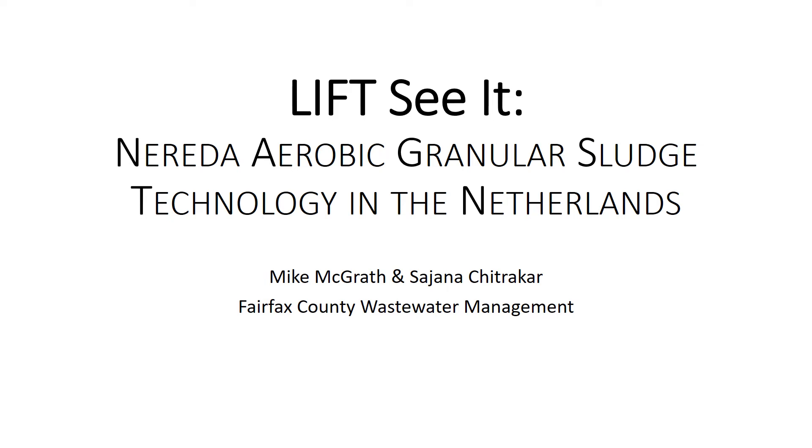Understanding of the Nereda Aerobic Granular Sludge Technology in the Netherlands, sponsored by LIFT, a scholarship exchange experience for innovation and technology, which in turn is sponsored by the Water Research Foundation and the Water Environment Federation.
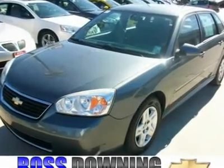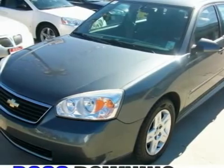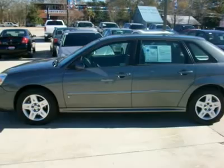This 2006 Chevrolet Malibu, equipped nicely and priced right, comes with a 3.5L V6 engine, 4-speed automatic, and LT trim package.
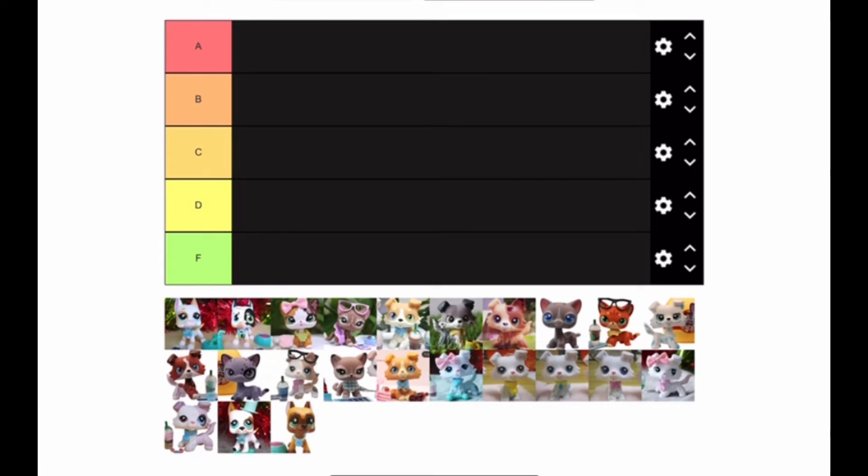LPS Susie here, welcome back to today's video. I'm making a video on TearMaker.com to make a tier list of the LPS Lover QA pets. This video was originally by LPS Cobalt — his YouTube channel will be in the description box. He made this template that you guys can use.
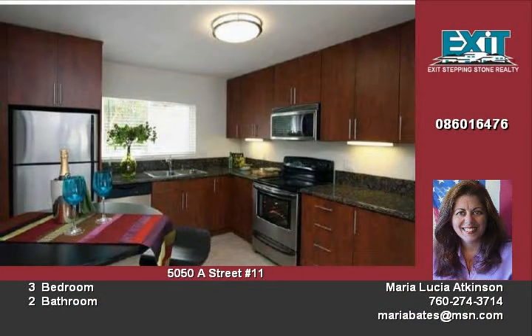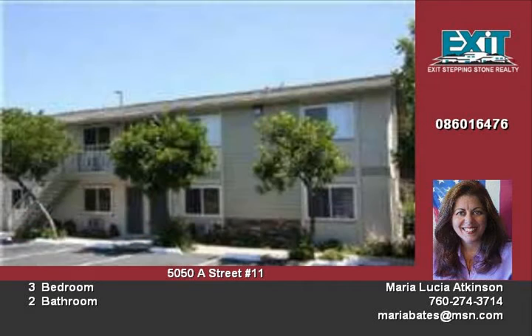The large open kitchen has new granite countertops with dark European cabinets. Two full baths are tastefully decorated.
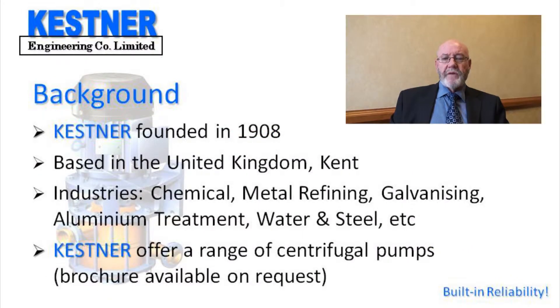Kessner Engineering was founded in 1908 and has supplied reliable equipment to the chemical and related industries ever since. We are based in Kent in the UK and have been for many years.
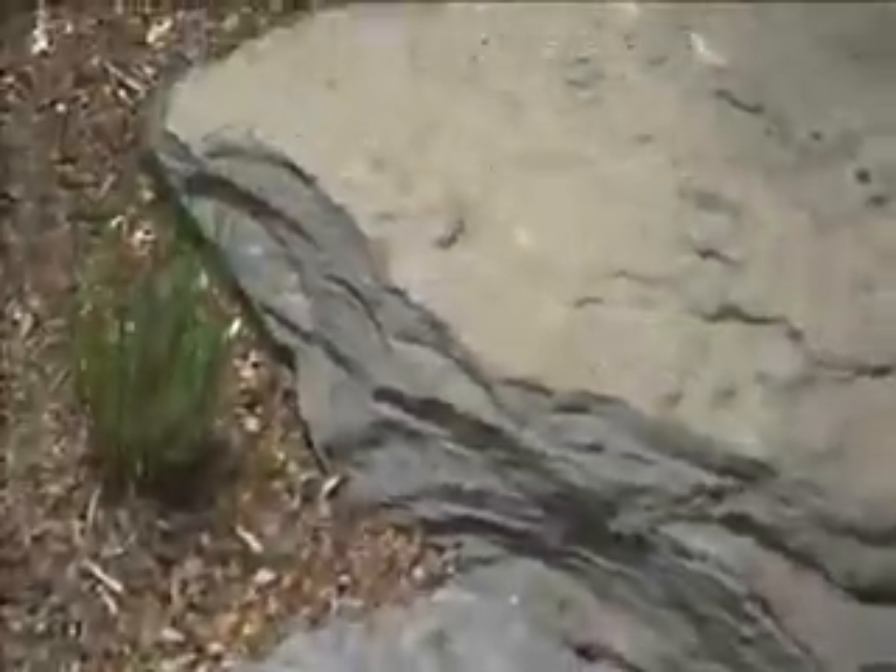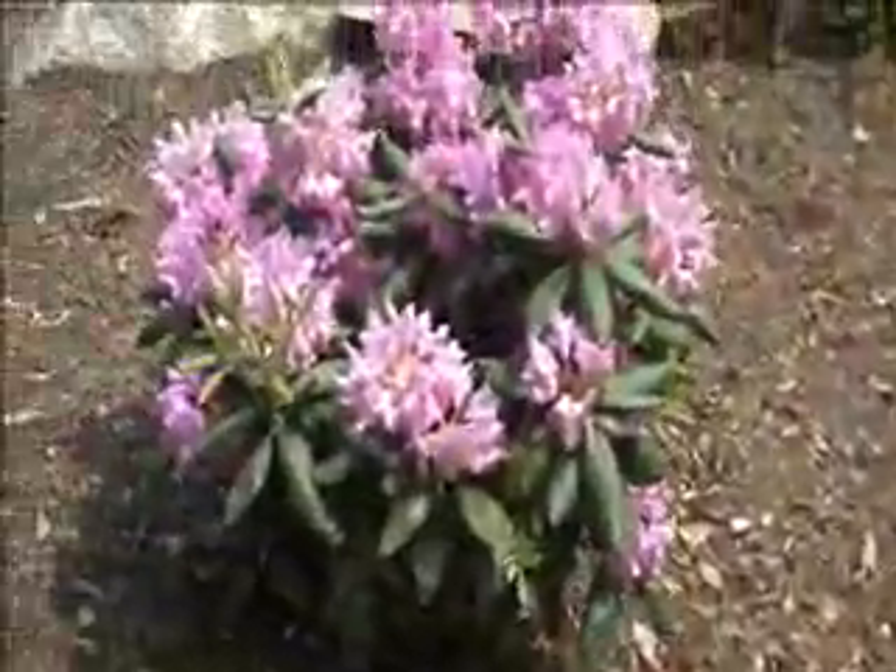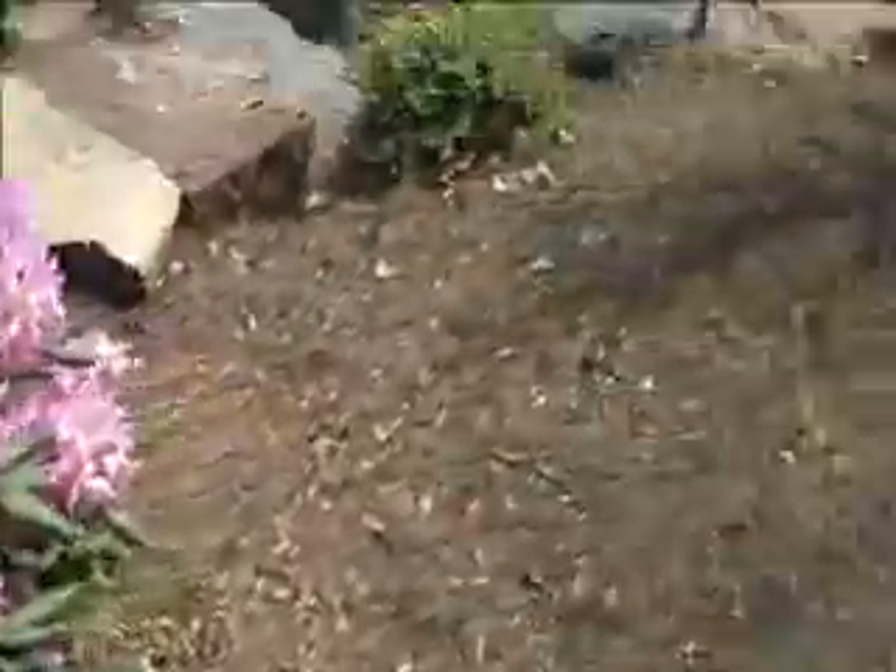A set of boulder steps leading up to the top of the waterfall, which leads into a stream at the top here. We have included rhododendrons, which are in bloom now, which is beautiful.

-- ACTIVITY --
Excluding the pictures, write out exactly the lines from the line that contains "The large open" through the end of the records.

-- RESPONSE TO THE TASK --
The large open kitchen has new granite countertops with dark European cabinets. Two full baths are tastefully decorated.
Kessner Engineering was founded in 1908 and has supplied reliable equipment to the chemical and related industries ever since. We are based in Kent in the UK and have been for many years.
A set of boulder steps leading up to the top of the waterfall, which leads into a stream at the top here. We have included rhododendrons, which are in bloom now, which is beautiful.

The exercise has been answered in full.